Submarining with Pitcher Dick Hyde

Where have all the submariners gone? Those awesome pitchers from down under?

Nope, not a ’60s folk song. Just me. I couldn’t help but get sentimental looking at an action photo of reliever Dick Hyde. Looking sneaky-smart in those ever-present glasses, Hyde’s motion was almost accidental, an adaptation to injury!
He wrote:

“It came naturally after I hurt my arm pitching in the Army.”

Hyde’s career year came in 1958. He posted 18 saves, a 1.75 ERA and a 10-3 record. How?

“My pitching coach, ‘Boom Boom’ Beck, did a lot of teaching about my mechanics.

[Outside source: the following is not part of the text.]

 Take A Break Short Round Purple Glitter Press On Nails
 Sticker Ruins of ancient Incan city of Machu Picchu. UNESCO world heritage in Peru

I also added a change-up with better control overall.”

I teased Hyde, noting that he retired with a perfect record: as a BASE-STEALER. Sheer perfection in his only career attempt. He confessed, explaining:

“I got a hit off of Billy Monbouquette. Then he must have forgotten me on first base and wound up, so I took off and there was no throw. The rule has changed now so that wouldn’t be a stolen base nowdays.”

Both 1958 and 1960 Topps cards show Hyde more sidearming. I’ve seen him look more like a bowler, his knuckles near scraping the mound. How low can you go?